[Python-Dev] proposal: add basic time type to the standard library

Wed, 27 Feb 2002 21:11:08 -0500

We had a brief jam on date/time objects at Zope Corp. HQ today.  I
won't get to writing up the full proposal that came out of this, but
I'd like to give at least a summary.  (Th0se who were there: my
thoughts have advanced a bit since this afternoon.)

My plan is to create a standard timestamp object in C that can be
subclassed.  The internal representation will favor extraction of
broken-out time fields (year etc.) in local time.  It will support
comparison, basic time computations, and effbot's minimal API, as well
as conversions to and from the two currently most popular time
representations used by the time module: posix timestamps in UTC and
9-tuples in local time.  There will be a C API.

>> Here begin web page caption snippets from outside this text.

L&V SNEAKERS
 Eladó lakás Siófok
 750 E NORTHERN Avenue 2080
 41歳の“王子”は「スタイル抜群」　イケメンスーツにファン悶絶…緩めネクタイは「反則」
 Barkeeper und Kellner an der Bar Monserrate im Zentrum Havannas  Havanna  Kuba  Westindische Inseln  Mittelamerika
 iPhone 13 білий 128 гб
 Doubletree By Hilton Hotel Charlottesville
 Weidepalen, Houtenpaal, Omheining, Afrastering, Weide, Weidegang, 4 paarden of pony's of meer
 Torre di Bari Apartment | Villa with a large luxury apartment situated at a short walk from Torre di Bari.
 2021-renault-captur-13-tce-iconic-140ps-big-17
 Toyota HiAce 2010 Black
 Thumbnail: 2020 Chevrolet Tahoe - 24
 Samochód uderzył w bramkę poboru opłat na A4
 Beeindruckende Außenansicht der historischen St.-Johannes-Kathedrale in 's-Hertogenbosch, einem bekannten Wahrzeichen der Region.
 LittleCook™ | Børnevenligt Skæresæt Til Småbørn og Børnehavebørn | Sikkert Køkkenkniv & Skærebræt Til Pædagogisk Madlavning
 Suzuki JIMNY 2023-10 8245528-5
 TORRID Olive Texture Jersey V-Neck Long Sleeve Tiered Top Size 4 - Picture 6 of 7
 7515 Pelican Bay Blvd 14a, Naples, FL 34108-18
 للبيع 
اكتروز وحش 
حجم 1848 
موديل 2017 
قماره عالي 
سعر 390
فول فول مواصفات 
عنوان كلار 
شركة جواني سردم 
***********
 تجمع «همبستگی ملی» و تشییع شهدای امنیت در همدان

Proposal for internal representation (also the basis for an efficient
pickle format):

year	 2 bytes, big-endian, unsigned (0 .. 65535)
month	 1 byte
day	 1 byte
hour	 1 byte
minute	 1 byte
second	 1 byte
usecond	 3 bytes, big-endian
tzoffset 2 bytes, big-endian, signed (in minutes, -1439 .. 1439)

total	12 bytes

Things this will not address (but which you may address through
subclassing):

- leap seconds
- alternate calendars
- years far in the future or BC
- precision of timepoints (e.g. a separate Date type)
- DST flags (DST is accounted for by the tzoffset field)

Mini-FAQ

- Why store a broken-out local time rather than seconds (or
  microseconds) relative to an epoch in UTC?  There are two kinds of
  operations on times: accessing the broken-out fields (probably in
  local time), and time computations.  The chosen representation
  favors accessing broken-out fields, which I expect to be more common
  than time computations.

- Why a big-endian internal representation?  So that comparison can be
  done using a single memcmp() call as long as the tzoffset fields are
  the same.

- Why not pack the fields closer to save a few bytes?  To make the
  pack and unpack operations more efficient; the object footprint
  isn't going to make much of a difference.

- Why is the year unsigned?  So memcmp() will do the right thing for
  comparing dates (in the same timezone).

- What's the magic number 1439?  One less than 24 * 60.  Timezone
  offsets may be up to 24 hours.  (The C99 standard does it this way.)

I'll try to turn this into a proper PEP ASAP.

(Stephan: do I need to CC you or are you reading python-dev?)

--Guido van Rossum (home page: http://www.python.org/~guido/)